I’m still quite put off by the high prices for tourist activities here in Uganda, particularly prohibitive for solo travellers. For example, a motorized boat trip to tour the lake would have set me back US$40 (charged per boat) and of course there’s no scheduled tour companies where you can just book a seat!

I elected instead to pay for a guided walk with Jimmy, one of the Seeds for Hope team, (USh 35,000 or around US$10) on the mainland. The adventure began with the thrill of paddling our dugout canoe across the lake, trying desperately to maintain a straight line and not to do the muzungo (white person) corkscrew! The canoes are hewn from eucalyptus trees, take over a month to carve and cost around 1.5 million Uganda Shillings. They’ll last up to ten years though.

Independent hiking in Lake Bunyonyi

After an hour, near vertical, climb up from the lake passing village women and barefoot children expertly balancing sacks of potatoes or charcoal on their heads, we had fantastic views of the lake. We’d passed small allotments of sweet potato, Irish potatoes and beans as well as banana and matoke groves. Jimmy tried to teach me how to distinguish between the two but I wasn’t too successful. Matoke is the staple Uganda starch, resembling green bananas that are cooked lightly before eating, often as part of a stew.

Jimmy also explained how charcoal is made. Eucalyptus branches are collected and left to dry out, before being heaped into mounds and covered with soil and leaves before being set alight. After a couple of weeks of careful smouldering, they are ready to be bagged up and carried up the hill to be sold at market or along the main road.

We hiked along the ridge for a while passing different communities, one with a bar and pool table, one with the ubiquitous “pork joint”, another with the local primary school, before diving back into a matoke grove to start the descent back to the lake. Here, instead of crossing back with Jimmy I elected to walk the 5 miles along the lakeside to the boat landing and paying for the guesthouse motorised boat to return (surprisingly expensive at USh 30,000). All in all though, it was a cheap (ish) and relaxing day out.

I met a lot of children along the path, hanging out (it’s school holidays at the moment) and all greeted me with hello and how are you? For most this was all they knew, although many also knew “give me money”, usually muttered very quietly after I’d passed. Occasionally one of them would walk alongside me for a few yards, silently but giggling if I looked at them, before saying goodbye and going back the way they came.

The final activity of the day was, of course, a swim in the lovely cool lake water, floating past the reed beds, watching pied kingfishers diving for fish and dragonflies skimming over the surface.

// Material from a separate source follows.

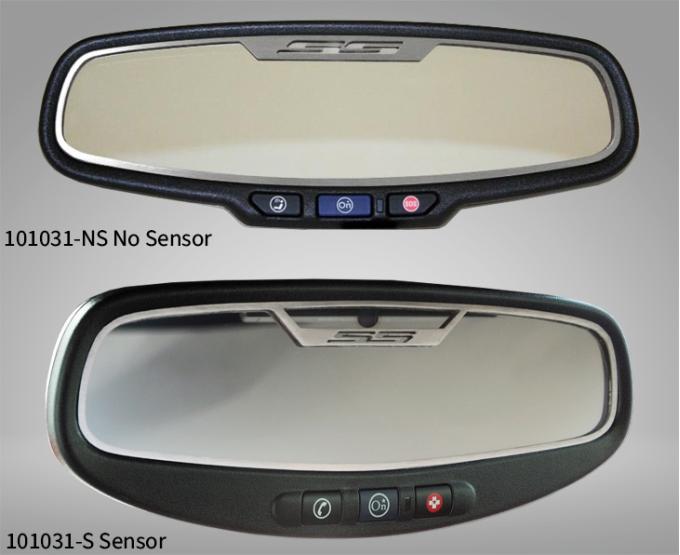 American Car Craft 2010-2014 Camaro SS - Rear View Mirror Trim 'SS' Oval mirror, Brushed Stainless, Choose Sensor Y/N 101031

Email Seeds of Hope to make a reservation and let them know what time you want to catch the boat. Find their contact information and more about the work they do helping local communities here.

I was quoted US$15 per night bed and breakfast in the budget accommodation (private room with shared bathroom) but was upgraded for free on arrival to a lovely en-suite thatched roundhouse.

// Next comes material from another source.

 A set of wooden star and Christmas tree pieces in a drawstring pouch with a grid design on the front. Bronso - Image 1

Breakfast is delicious, with a fruit platter, Spanish omelette and toast, fresh fruit juice and flavoursome cafetiere coffee.

Dinner starts from USh 17,000 with choices such as vegetable fried rice, tilapia fish and chips or savoury pancakes. A Nile beer costs USh 5,000.

The bus to Kampala depends on your bargaining skills, but starts at around USh 40,000. A boda to the lake should be around USh 7,000.